Well, yours truly *I'm talking about me, for the perputually confused* was reviewed the other day on Diary Reviews.

I recieved a 84 out of 100, which I personally think I could have gotten higher if wasn't for my shit for spelling and horrible grammar.

Yeah I know, I suck, I've learned to live with it.

For my layout, they seem to really dig the new look of this here diary. Now, not to get all ego driven here, but let me whip that bad boy out right about now.

*lets his drooling, crazed ego out of its cage, clutching the leash desperately to keep it at bay*

DOWN BOY! BAD EGO! BAD, BAD EGO!!!

anyways........

I'm personally really proud of the look of my lay out, it looks sleek in a very Blade Runner kind of way. Yes I did get some help from Gawain on the tables, and yes he has helped me numerous times in the past, but majority of the HTML coding was my work, and all the images where mine *well, not all the banners in my links, but you get my point.*

Now, about the content of my page, let me point out a few key things they said about moi....

ahem...

I have never before seen anyone write diary entries so long and so regularly- let alone a guy!

Yes I'm a bit long winded........ok a lot long winded......ok ok....so I babble more then a church lady with teretz syndrom gossing up a storm.

ok, line two...

He's got his own brand of satire, I think, and is enjoyable if you're into it.

Jeez lady, you got a crush on me, cause you got to be in love with me with that much affection just oozing from that sentence.

heh, kidding........

Yeah, I'm like pate', if you aint got that aquired taste, I'm a bit hard to swallow.

Read that sentence again, but this time don't keep in mind I'm talking about my comedy......sort of puts it in a different perspective doesn't it.

84 out of a 100 aint bad, but I'm betting it would have been higher if I waited to get reviewed after I put a new addition to my web page I have been working on.

Oh yeah, by the way to all you, since I let the cat out of the bag already., some time in the near future you will be seeing a new button on my tool bar labeled "F.Y.B.B.". So watch out for it, I'll warn yeah when it gets here.
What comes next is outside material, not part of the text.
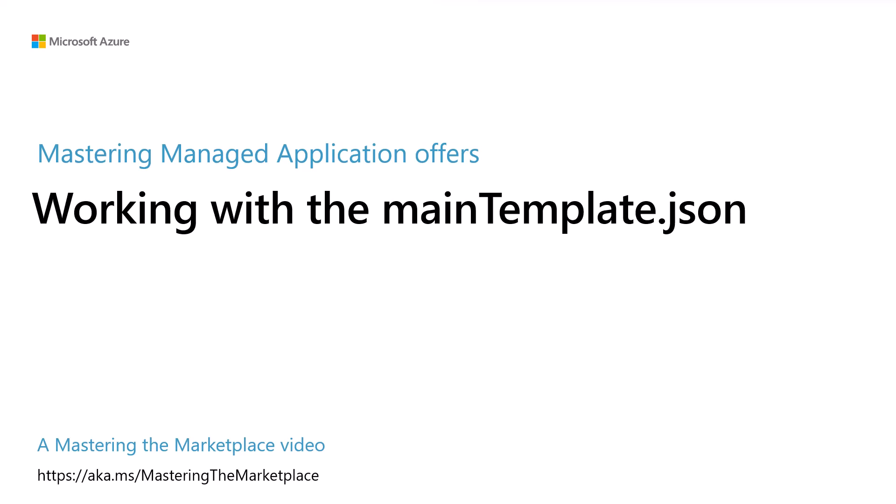In this demo-heavy module, we're going to take a look at the ARM template used in managed application deployment packages. The ARM template is named main template.json, thus the name of this module. My name is David Starr, and if you are building managed applications, one of the required files for the deployment package is main template.json.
I'm hoping to get big chuckles from it.


I think I got my ass beat down in my sleep!

I woke up in the middle of my sleep with shooting pains in my right wrist. You know the kind, when you know you have slept on that hand or arm wrong. So I managed to get it in a comfortable spot, and fall back to sleep.

A few hours later, I wake up to a splitting headache, my neck and upper back are sore as hell, my lower back has shooting pains running through it, and there is blood on my big toe!

I swear, I think I was ambushed in my bed and got a fresh can of whoop ass opened on me.

That, or I'm sleep walking and I joined a fight club and was slapped around by Meatloaf with "bitch tits" tell I screamed like a little girl and tapped out.

After all, Edward Norton found out he was Tyler Durten while he slept. So that would make me Edies part in the movie AND I turn into Tyler Durten while I sleep.

Does that mean I get to make hot monkey love to Jennifer Aniston then?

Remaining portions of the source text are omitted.